[Given data Boundary: Start]

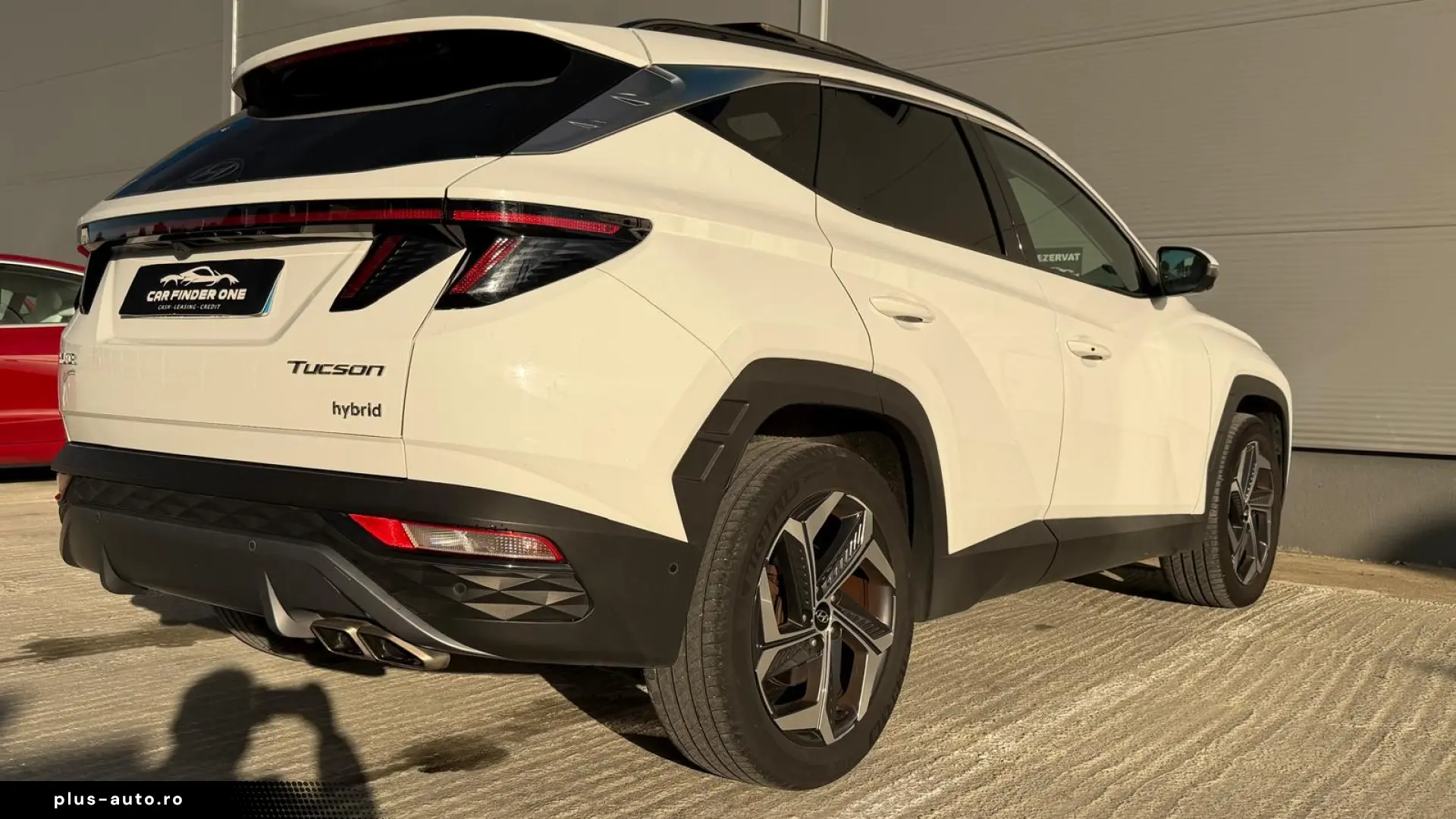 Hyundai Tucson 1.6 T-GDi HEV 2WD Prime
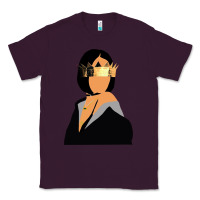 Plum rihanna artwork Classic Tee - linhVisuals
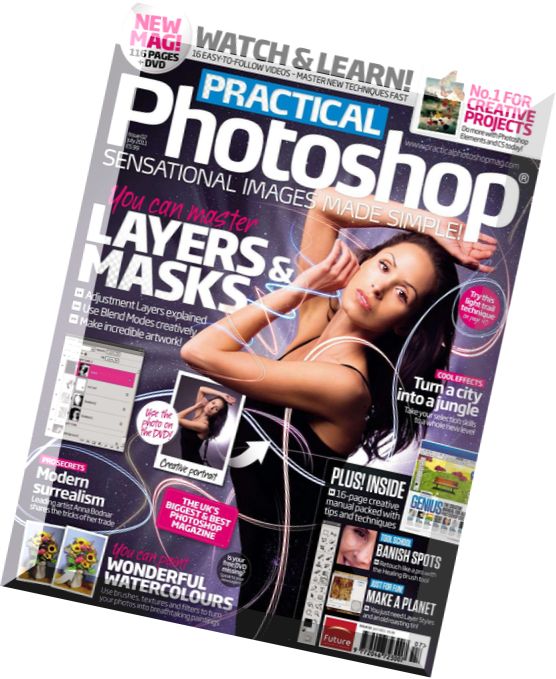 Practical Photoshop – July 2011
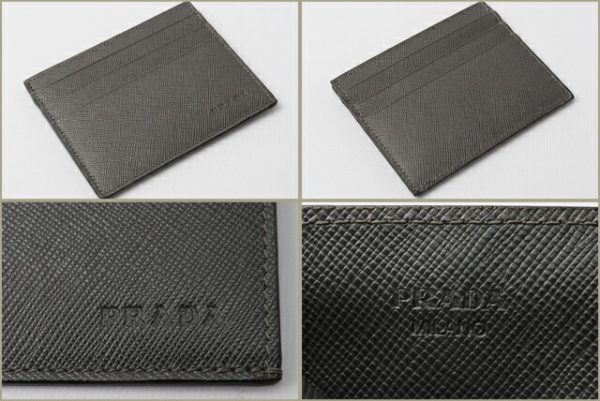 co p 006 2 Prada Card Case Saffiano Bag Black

[Given data Boundary: End]

Reproduce all of the data exactly; the pictures do not belong in the copy.

 Hyundai Tucson 1.6 T-GDi HEV 2WD Prime
 Plum rihanna artwork Classic Tee - linhVisuals
 Practical Photoshop – July 2011
 co p 006 2 Prada Card Case Saffiano Bag Black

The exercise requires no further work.